• What you are asked to do:
Copy only what lies from the line containing "Hotpoint Ultima S-line" through the line containing "L'Eglise - Affoux" in the entries below, keeping both end lines exact and dropping every picture.

Listed records Block Start

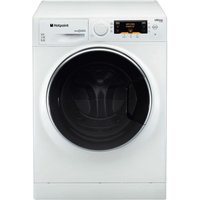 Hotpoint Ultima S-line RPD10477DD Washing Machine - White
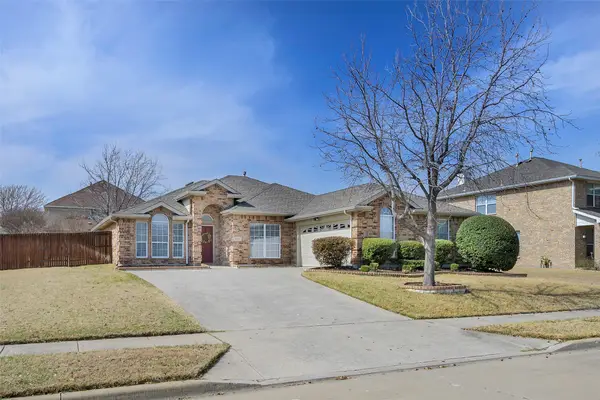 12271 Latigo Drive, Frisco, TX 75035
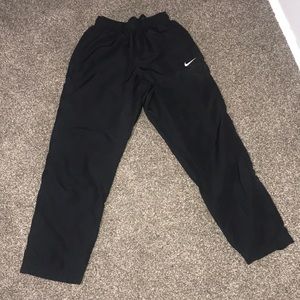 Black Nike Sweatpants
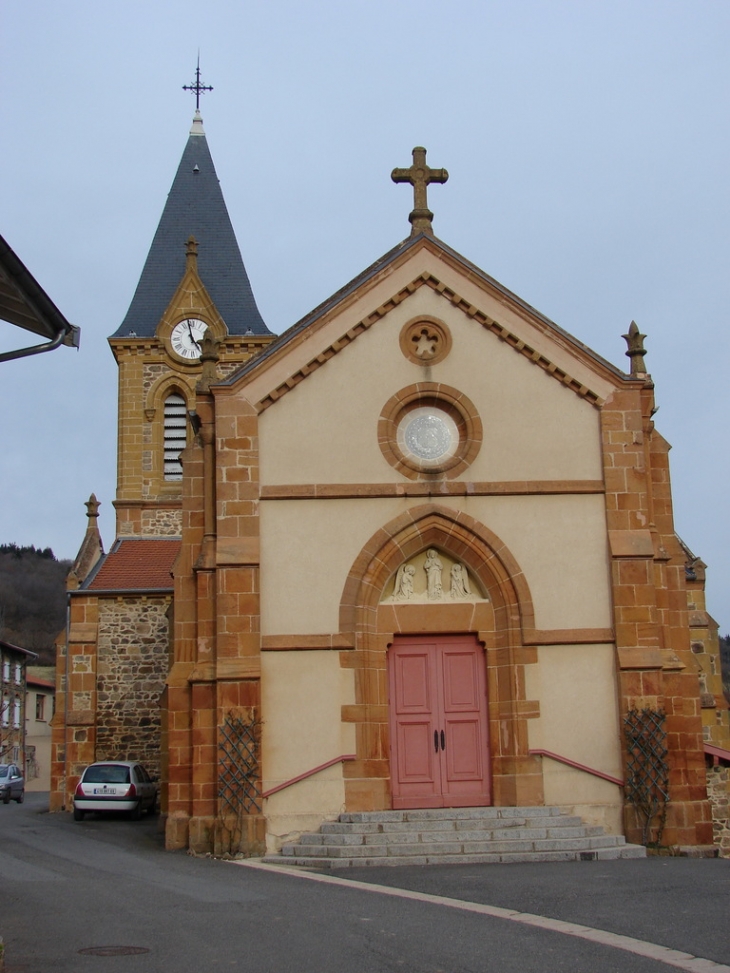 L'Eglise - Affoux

Listed records Block End
Listed records Block Start

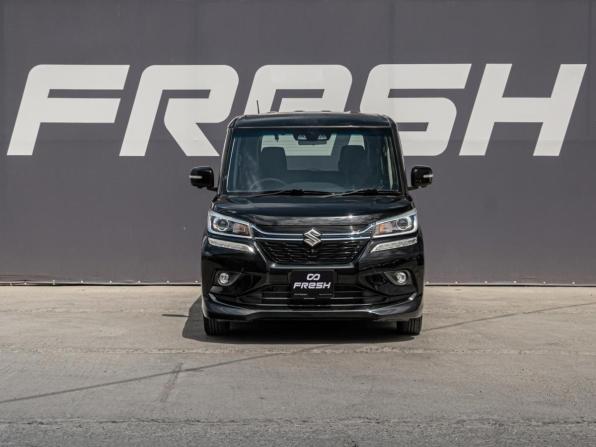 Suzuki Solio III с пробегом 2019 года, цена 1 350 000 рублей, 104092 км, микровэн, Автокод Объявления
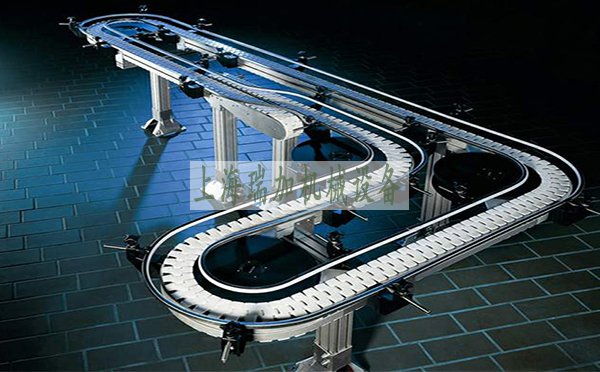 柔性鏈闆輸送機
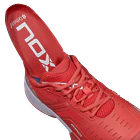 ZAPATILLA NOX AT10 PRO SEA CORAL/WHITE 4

Listed records Block End

• Response to this exercise:
 Hotpoint Ultima S-line RPD10477DD Washing Machine - White
 12271 Latigo Drive, Frisco, TX 75035
 Black Nike Sweatpants
 L'Eglise - Affoux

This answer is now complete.